A yet further feature of the present invention involves the exterior configuration of the spout member 1. Thus, the upper portion 2 has a larger diameter in size than the lower portion 3. Thus, although the major dimension of the pouring channel is continuous throughout the spout member 1, the wall thickness of the lower portion 3 is less than the wall thickness of upper portion 2. This is achieved by a removal of material from the outer surface of the lower portion 3 or a reduction of the outer size of the lower portion 3. Thereby, when the sleeve 4 is cemented onto the lower portion 3, there are no substantial lateral projections extending outwardly which may interfere with operation of the system. Upper portion 2 may have a generally conical configuration as shown.

The sleeve 4 may have a bottom 10 having therein at least one bore 11 for the discharge therethrough of excess cement during the attachment of the sleeve 4 to the lower portion 3 of the spout member. It is to be understood that when the sleeve is attached to the spout member, both the sleeve and the spout member are fired and otherwise completed.

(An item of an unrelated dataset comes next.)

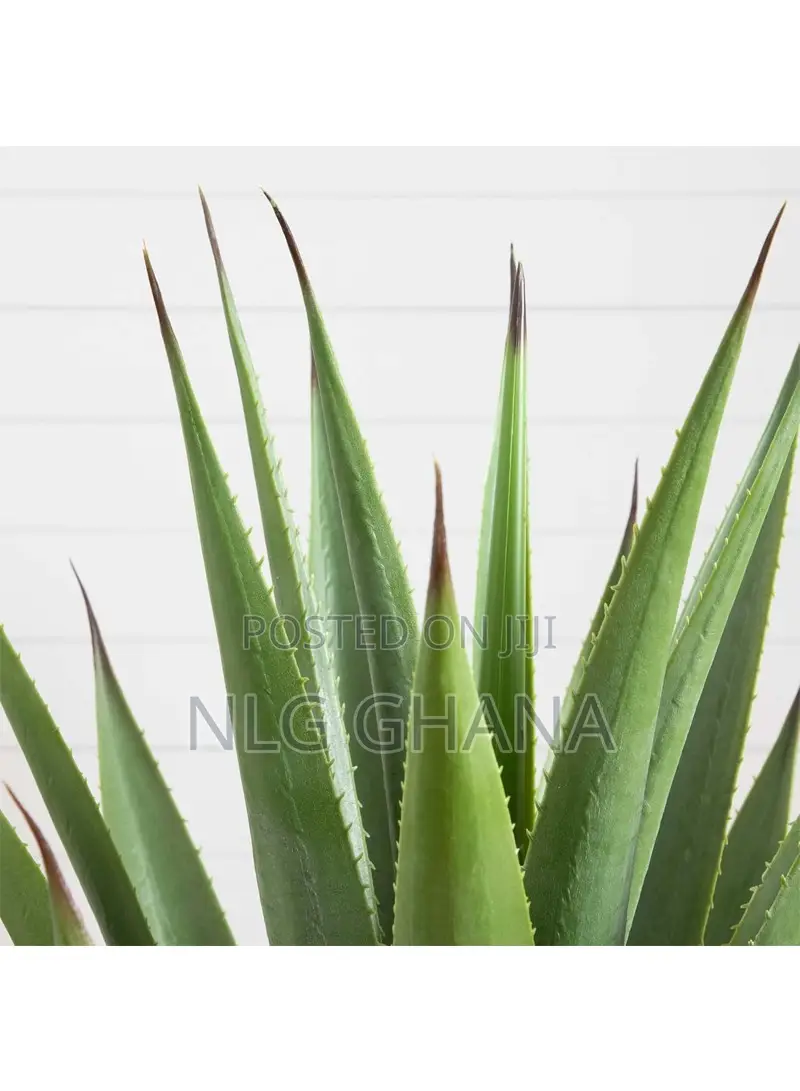 37cm / 14.6" Artificial Spiked Agave Plant. Ghx6294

Although the present invention has been described and illustrated with regard to a preferred embodiment thereof, various modifications and alterations may be made to the specifically described and illustrated embodiment without departing from the scope of the present invention. Specifically, it is believed that those skilled in the art will understand the types of materials which may be employed for the sleeve, the spout member and the cement, such materials being refractory materials capable of achieving the above discussed functions in a particular melt environment.

Claims

1. In a refractory immersion spout for the continuous casting of a metal melt from an intermediate container into an ingot mold, said immersion spout being of the type including a refractory spout member including an upper portion adapted to be connected to an intermediate container and a lower portion adapted to be at least partially immersed in a melt bath, said spout member having a pouring channel and outlet openings extending laterally from said pouring channel at a level adapted to be below the level of a slag-covered upper surface of the melt bath, and a refractory sleeve covering the outer surface of at least that part or said lower portion of said spout member adapted to be immersed in the melt bath, the improvement comprising:

said spout member comprising an extrusion product resulting from the extrusion of a material including 30-75% alumina and 10-30% carbon, with said carbon being aligned longitudinally of said spout member as a result of said extrusion;

said sleeve comprising an isostactically compressed member formed of a highly refractory material;

the thickness of said lower portion of said spout member being less than the thickness of said upper portion of said spout member, said reduction in thickness resulting from a reduction of the outer size of said spout member; and

said sleeve being cemented onto the outer surface of said lower portion of said spout member by an alumina-rich refractory cement.

2. The improvement claimed in claim 1, wherein said highly refractory material of said sleeve comprises zirconium oxide.

3. The improvement claimed in claim 1 or claim 2, wherein said highly refractory material of said sleeve, in the area thereof adapted to be contacted by slag on the top of the melt bath, includes 5-20% boron nitride.

4. The improvement claimed in claim 1, wherein said sleeve includes a bottom having therein at least one bore for discharge therethrough of excess cement during attachment of said sleeve to said lower portion of said spout member.